La réflexion. Indispensable. Á court et à moyen terme, les réformes implicites dans l'application de la stratégie de Lisbonne ne peuvent se réaliser qu'à partir de l'interprétation habituelle de trois concepts qui en sont à la base: croissance, compétitivité, globalisation. Mais j'estime qu'il est indispensable d'entamer parallèlement une réflexion approfondie sur ces trois notions, car je crains (à la lumière d'études et analyses déjà en cours) que, telles quelles, elles ne sont pas durables. Quelques mots d'explication:
croissance. La réalité est faussée par l'interprétation purement quantitative de la croissance économique. Si, par exemple, une entreprise met au point un moteur d'automobile qui permet de parcourir 200 km avec un litre d'essence, les effets sont largement positifs (moins de pollution, moins d'importations de pétrole, etc.). Mais ce que retiennent les statistiques est la baisse d'activité de l'industrie pétrolière, donc de la croissance. Idem en cas de victoire contre une maladie épidémique: santé générale améliorée, moins de gens à l'hôpital, réduction du déficit de la sécurité sociale. Mais les statistiques indiqueraient une moindre activité de l'industrie pharmaceutique et des hôpitaux. Ce que je dis là est un peu simpliste ; c'est pour souligner l'exigence de la réflexion sur la notion même de la croissance, qui ne se résume pas en un pourcentage.

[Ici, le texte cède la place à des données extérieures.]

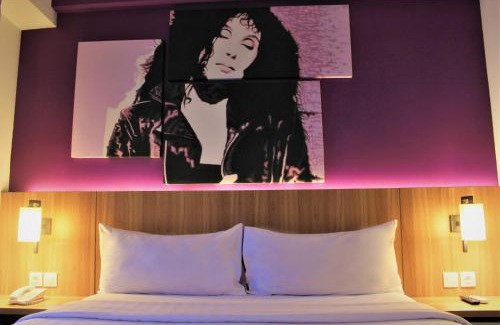 Dewi Sri Hotel | Fame Hotel Sunset Road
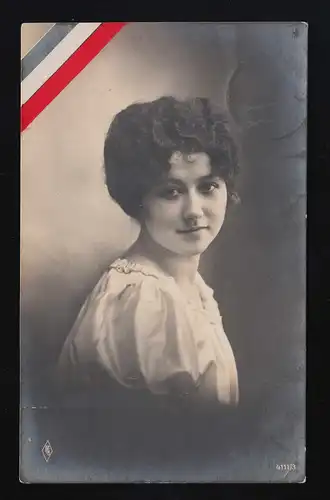 Femmes Portrait boucles chemisier blanc, couleurs riches couru autour du 24.2.1917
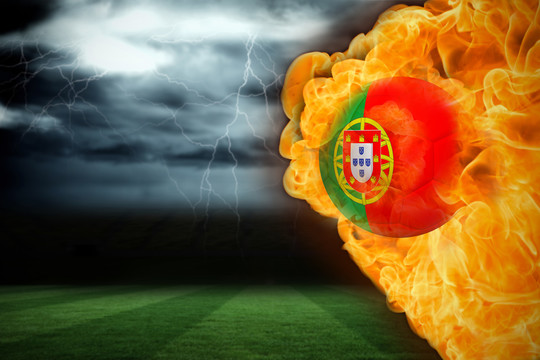 葡萄牙国旗足球与足球场交火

productivité. L'augmentation obsessionnelle de la productivité conduirait à fabriquer toujours davantage de biens, de plus en plus vite et à un moindre coût. Si la Chine, l'Inde et le monde en général atteignent le niveau de productivité européen, américain et japonais, il y aura un jour davantage de biens produits que de gens et de place pour les consommer. La productivité en hausse perpétuelle est un rêve délirant digne des «Temps modernes » de Charlie Chaplin. Les génies voient toujours mieux et plus loin.
mondialisation. La libéralisation totale des échanges dans tous les secteurs, agriculture y comprise, sans «règles du jeu» rigoureuses, est incompatible avec le modèle européen de société et avec le soutien aux pays les moins favorisés (on commence à s'en apercevoir pour les textiles, les bananes, le sucre). À suivre. (F.R.)